Anselm Kiefer's monumental body of work represents a microcosm of collective memory, visually encapsulating a broad range of cultural, literary, and philosophical allusions—from the Old and New Testaments, Kabbalah mysticism, Norse mythology and Wagner’s Ring Cycle to the poetry of Ingeborg Bachmann and Paul Celan.
Born in Donaueschingen, Germany in 1945 during the closing months of World War II, Kiefer reflects upon Germany’s post-war identity and history, grappling with the national mythology of the Third Reich. Fusing art and literature, painting and sculpture, Kiefer engages the complex events of history and the ancestral epics of life, death, and the cosmos.
Kiefer’s oeuvre encompasses paintings, vitrines, installations, artist books, and an array of works on paper such as drawings, watercolors, collages, and altered photographs. The physical elements of his practice—from lead, concrete, and glass to textiles, tree roots, and burned books—are as symbolically resonant as they are vast-ranging. By integrating, expanding, and regenerating imagery and techniques, he brings to light the importance of the sacred and spiritual, myth and memory.

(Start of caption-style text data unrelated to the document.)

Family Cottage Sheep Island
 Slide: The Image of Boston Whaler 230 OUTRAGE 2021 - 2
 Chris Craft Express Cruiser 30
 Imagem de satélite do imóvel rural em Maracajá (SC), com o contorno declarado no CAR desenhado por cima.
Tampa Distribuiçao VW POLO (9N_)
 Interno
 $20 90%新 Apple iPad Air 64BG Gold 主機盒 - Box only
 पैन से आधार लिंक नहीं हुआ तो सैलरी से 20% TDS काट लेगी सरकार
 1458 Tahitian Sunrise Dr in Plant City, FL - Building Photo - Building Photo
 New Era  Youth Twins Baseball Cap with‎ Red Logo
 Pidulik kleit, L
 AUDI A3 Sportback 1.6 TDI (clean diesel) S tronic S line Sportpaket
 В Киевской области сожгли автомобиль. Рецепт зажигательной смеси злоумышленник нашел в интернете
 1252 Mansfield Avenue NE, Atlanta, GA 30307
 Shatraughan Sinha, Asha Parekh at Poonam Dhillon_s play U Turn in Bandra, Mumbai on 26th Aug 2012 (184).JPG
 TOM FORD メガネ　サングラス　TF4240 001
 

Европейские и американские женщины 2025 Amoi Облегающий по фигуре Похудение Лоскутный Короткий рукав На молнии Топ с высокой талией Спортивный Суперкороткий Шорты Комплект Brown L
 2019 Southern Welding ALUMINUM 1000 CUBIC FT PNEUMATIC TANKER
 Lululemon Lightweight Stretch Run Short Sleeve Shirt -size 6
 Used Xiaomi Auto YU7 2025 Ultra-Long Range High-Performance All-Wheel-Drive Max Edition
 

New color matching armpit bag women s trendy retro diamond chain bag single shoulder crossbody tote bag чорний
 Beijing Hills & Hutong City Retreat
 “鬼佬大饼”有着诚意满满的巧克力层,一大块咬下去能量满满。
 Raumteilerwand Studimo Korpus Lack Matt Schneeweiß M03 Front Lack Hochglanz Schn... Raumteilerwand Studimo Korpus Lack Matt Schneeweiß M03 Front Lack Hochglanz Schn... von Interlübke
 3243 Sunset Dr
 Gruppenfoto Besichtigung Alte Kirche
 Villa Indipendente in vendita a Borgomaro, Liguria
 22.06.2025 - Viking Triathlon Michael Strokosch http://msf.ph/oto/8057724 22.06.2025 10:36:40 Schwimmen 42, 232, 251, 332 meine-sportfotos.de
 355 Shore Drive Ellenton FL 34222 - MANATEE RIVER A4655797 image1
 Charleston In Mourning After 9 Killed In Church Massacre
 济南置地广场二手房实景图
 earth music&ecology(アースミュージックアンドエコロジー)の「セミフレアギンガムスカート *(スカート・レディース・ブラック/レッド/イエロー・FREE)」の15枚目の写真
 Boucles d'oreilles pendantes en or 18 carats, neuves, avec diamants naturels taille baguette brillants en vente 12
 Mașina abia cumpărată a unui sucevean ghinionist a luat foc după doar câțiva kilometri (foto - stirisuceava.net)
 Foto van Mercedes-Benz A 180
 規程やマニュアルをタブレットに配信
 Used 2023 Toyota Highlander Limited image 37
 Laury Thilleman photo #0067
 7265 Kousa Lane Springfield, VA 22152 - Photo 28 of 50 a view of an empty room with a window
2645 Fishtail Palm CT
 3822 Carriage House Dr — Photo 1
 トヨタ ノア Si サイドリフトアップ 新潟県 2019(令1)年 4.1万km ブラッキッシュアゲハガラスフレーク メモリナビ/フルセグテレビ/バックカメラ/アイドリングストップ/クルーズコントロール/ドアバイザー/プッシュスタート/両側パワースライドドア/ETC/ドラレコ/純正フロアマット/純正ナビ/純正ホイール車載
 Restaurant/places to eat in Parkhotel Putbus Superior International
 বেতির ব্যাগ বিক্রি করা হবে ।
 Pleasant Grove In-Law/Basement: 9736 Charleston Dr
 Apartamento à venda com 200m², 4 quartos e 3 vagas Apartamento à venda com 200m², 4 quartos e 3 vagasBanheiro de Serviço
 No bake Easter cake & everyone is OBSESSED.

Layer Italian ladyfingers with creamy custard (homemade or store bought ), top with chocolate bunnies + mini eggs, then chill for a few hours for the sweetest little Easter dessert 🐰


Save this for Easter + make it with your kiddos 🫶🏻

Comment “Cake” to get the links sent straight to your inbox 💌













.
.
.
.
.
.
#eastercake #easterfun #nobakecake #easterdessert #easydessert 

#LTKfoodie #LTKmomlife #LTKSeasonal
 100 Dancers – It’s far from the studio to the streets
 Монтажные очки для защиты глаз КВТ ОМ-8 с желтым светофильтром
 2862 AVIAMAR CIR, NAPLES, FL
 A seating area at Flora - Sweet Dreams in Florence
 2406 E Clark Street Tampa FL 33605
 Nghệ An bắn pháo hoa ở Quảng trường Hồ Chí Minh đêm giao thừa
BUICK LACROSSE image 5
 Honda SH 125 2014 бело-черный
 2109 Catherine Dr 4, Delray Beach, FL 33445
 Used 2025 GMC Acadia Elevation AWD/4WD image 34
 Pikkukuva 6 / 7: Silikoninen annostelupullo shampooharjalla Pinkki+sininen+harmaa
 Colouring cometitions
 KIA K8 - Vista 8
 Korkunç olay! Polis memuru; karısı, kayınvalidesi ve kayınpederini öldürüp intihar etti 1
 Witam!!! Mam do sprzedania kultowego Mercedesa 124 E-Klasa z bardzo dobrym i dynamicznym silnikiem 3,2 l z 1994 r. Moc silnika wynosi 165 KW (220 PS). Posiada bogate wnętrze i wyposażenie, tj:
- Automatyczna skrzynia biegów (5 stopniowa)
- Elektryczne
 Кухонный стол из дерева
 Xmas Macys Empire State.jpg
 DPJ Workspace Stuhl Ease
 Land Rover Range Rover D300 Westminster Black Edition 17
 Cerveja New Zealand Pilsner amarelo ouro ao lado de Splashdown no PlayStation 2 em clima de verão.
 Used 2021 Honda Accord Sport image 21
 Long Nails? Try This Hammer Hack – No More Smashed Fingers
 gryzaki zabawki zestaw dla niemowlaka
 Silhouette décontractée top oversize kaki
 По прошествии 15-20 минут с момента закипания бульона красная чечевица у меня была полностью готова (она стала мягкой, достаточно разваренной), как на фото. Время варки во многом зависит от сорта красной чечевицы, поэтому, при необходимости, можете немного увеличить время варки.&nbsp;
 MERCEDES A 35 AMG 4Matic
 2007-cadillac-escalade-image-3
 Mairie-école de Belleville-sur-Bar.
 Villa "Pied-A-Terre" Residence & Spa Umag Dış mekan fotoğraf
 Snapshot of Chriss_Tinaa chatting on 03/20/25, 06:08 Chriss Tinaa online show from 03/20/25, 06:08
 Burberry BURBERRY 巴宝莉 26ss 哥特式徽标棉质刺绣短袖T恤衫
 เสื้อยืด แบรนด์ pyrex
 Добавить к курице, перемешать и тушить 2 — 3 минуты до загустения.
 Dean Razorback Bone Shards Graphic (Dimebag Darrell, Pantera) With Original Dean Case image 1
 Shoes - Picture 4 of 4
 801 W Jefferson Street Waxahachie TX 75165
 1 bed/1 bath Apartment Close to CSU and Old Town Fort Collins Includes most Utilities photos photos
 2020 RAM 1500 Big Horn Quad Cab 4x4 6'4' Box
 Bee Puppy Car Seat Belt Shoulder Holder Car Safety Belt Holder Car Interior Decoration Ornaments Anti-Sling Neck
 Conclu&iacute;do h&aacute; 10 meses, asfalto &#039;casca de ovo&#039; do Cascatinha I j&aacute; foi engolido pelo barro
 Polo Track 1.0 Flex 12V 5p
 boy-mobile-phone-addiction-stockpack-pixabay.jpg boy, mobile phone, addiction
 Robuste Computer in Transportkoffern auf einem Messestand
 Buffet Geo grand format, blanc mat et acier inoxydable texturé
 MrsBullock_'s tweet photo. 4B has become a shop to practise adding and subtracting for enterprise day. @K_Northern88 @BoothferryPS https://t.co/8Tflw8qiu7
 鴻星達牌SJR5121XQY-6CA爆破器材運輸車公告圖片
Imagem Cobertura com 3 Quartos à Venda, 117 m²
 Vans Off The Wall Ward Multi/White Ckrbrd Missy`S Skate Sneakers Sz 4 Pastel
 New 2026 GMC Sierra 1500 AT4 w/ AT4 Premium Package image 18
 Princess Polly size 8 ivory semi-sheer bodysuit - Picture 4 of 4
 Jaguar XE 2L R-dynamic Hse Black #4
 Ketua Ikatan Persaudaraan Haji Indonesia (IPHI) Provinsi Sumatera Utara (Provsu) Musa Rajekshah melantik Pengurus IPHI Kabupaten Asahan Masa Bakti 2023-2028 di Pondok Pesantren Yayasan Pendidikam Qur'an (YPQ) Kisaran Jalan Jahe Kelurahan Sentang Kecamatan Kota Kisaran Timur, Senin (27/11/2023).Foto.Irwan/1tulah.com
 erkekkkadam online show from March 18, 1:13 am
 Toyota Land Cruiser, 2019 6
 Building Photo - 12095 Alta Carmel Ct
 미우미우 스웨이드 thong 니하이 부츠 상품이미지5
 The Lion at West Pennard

Kiefer’s work has been shown and collected by major museums worldwide including the Centre Georges Pompidou, the Grand Palais and the Musée du Louvre in Paris, France; The Royal Academy of Arts, London; Museo Nacional Centro de Arte Reina Sofía, Madrid and Guggenheim Museum Bilbao, Spain; Fondation Beyeler, Basel, Switzerland; The Israel Museum, Jerusalem and the Tel Aviv Museum of Art, Israel; The Art Institute of Chicago; The Philadelphia Museum of Art; The Museum of Contemporary Art, Los Angeles; The Museum of Modern Art, New York; The San Francisco Museum of Modern Art; Musée d’Art Contemporain de Montréal, Canada; Sezon Museum of Art, Tokyo, Kyoto National Museum of Art, and Hiroshima Museum of Contemporary Art, Japan.